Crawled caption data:
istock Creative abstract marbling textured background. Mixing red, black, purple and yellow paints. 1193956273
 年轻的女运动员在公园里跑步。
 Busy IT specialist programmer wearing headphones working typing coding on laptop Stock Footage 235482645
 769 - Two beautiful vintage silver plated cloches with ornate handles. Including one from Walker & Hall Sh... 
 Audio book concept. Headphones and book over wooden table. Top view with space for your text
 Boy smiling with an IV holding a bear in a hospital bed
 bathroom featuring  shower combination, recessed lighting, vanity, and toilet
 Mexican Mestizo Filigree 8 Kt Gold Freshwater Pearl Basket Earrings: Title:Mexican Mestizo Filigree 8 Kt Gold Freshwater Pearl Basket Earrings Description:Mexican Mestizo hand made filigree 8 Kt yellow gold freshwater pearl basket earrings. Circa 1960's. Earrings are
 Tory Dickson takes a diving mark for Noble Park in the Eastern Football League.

About this task:
Go through the records above. Copy each line in which the string "with" appears.

Reply to the task:
 769 - Two beautiful vintage silver plated cloches with ornate handles. Including one from Walker & Hall Sh... 
 Audio book concept. Headphones and book over wooden table. Top view with space for your text
 Boy smiling with an IV holding a bear in a hospital bed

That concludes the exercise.